People who use drugs frequently encounter stigma and discrimination when seeking health care. For pregnant and parenting people who use drugs, harmful experiences within the health care system are often amplified. Such experiences make people less likely to seek prenatal and postpartum care due to punitive drug laws and child welfare policies. Overdose is among the top five non-pregnancy causes of maternal mortality and studies show that risk of fatal overdose increases for mothers when their children are removed from their custody.
To address the health disparities that pregnant and parenting people face, Vital Strategies supported the Camden Coalition to develop the Maternal Health Toolkit. This interactive toolkit serves as a guide for health care workers to support the implementation of best practices for working with pregnant and parenting people who use drugs. Pregnant people who use drugs need support, not punishment. The guide offers family-focused and evidence-based strategies and practices for health care workers seeking to improve care for their patients. The toolkit includes sample forms, templates, worksheets, and assessments for adaptation and use in different health care settings.
This toolkit is for people who use drugs.

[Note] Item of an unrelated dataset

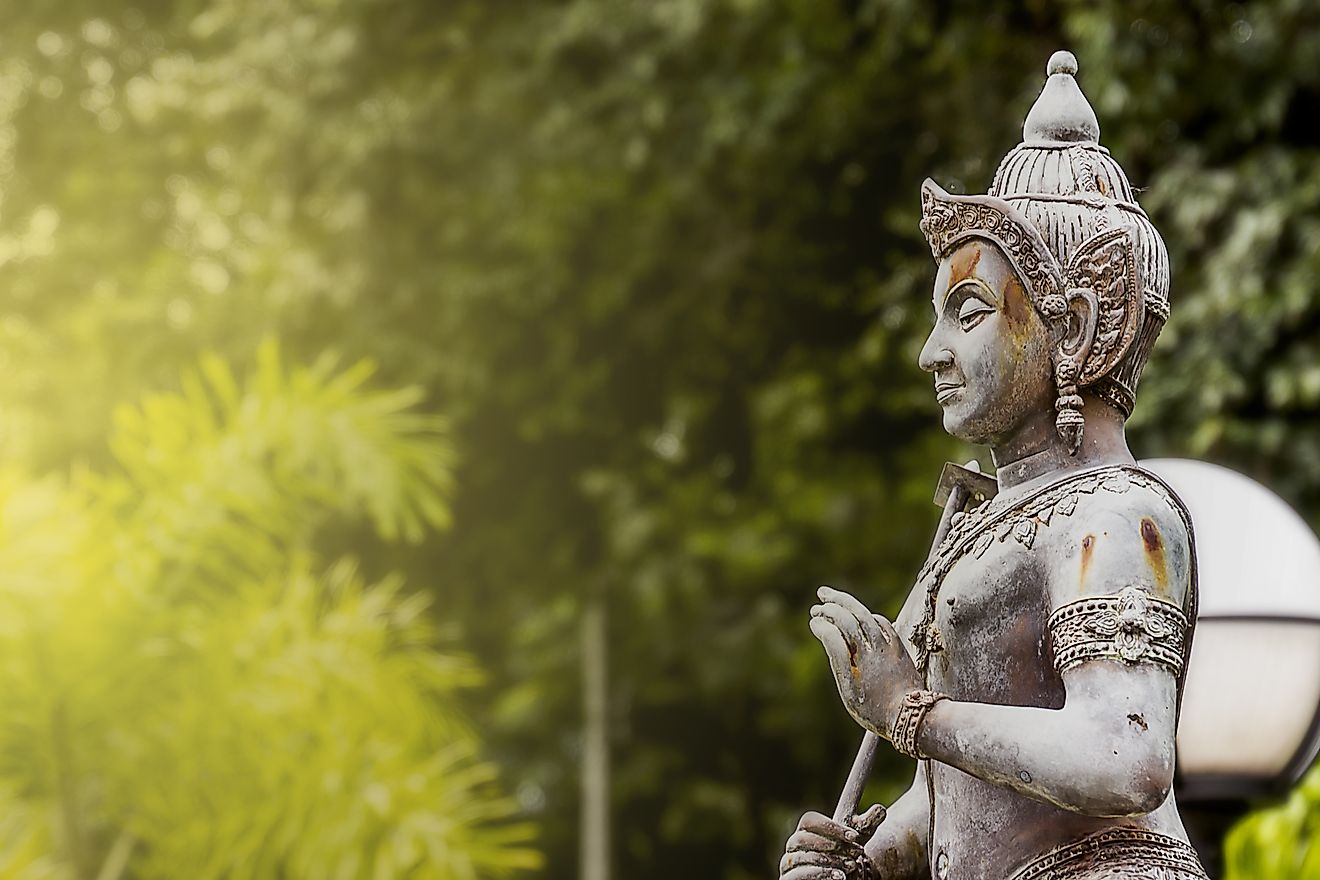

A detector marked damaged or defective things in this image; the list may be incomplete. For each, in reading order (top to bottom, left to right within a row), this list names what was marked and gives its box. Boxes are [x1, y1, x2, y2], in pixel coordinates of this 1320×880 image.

rust stain [1080, 532, 1096, 580]
rust stain [1136, 516, 1168, 592]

Although overdose is best prevented if there is someone else present, people who use drugs may still choose to use alone; not everyone has the ability or the desire to use drugs with or around other people. People accessing harm reduction services report using drugs alone for various reasons, including convenience and comfort, stigma associated with drug use, safety, having no one available to be present, and not wanting to share substances with others. Data also suggests that people are opting to use drugs alone more frequently in the context of the COVID-19 pandemic.

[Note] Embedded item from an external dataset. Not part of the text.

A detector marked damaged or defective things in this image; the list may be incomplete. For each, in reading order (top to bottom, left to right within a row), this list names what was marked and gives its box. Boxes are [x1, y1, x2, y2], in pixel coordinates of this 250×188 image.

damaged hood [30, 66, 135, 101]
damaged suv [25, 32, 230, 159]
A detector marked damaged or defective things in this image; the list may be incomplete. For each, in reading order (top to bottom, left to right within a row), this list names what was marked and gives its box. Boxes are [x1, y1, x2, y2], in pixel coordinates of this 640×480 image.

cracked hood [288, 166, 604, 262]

With support from Vital Strategies, Project SAFE, a Philadelphia-based mutual aid harm reduction collective for women, queer, and trans people who use drugs and do sex work, published the guide Using Drugs Alone. This resource was created directly by and for people who use drugs. “Using Drugs Alone” offers strategies and tips on how to check the daily drug supply, as well as how to make a safety plan before using substances. While the guide doesn’t guarantee safety when using drugs alone, it offers tools and strategies people can use to reduce the risk of overdose.
This is a guide for providers and harm reduction programs that work with people who use drugs.

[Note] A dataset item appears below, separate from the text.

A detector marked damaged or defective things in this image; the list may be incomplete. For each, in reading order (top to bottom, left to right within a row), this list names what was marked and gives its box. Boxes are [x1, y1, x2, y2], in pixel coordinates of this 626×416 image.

The Survival Strategies for People Who Use Drugs was created in tandem with the Using Drugs Alone guide. This toolkit for harm reduction providers shares survival strategies for using drugs alone; it also offers suggestions for effective harm reduction and public health messaging on this issue. The content of the guide was informed by harm reduction skill-shares and story-shares with people who use drugs.
While there is no single solution to the overdose crisis, adopting evidence-based strategies that center the health of people who use drugs can prevent these tragic deaths. We hope that our audiences find these toolkits helpful in their efforts to end overdose, center the health of people who use drugs and prevent these tragic deaths.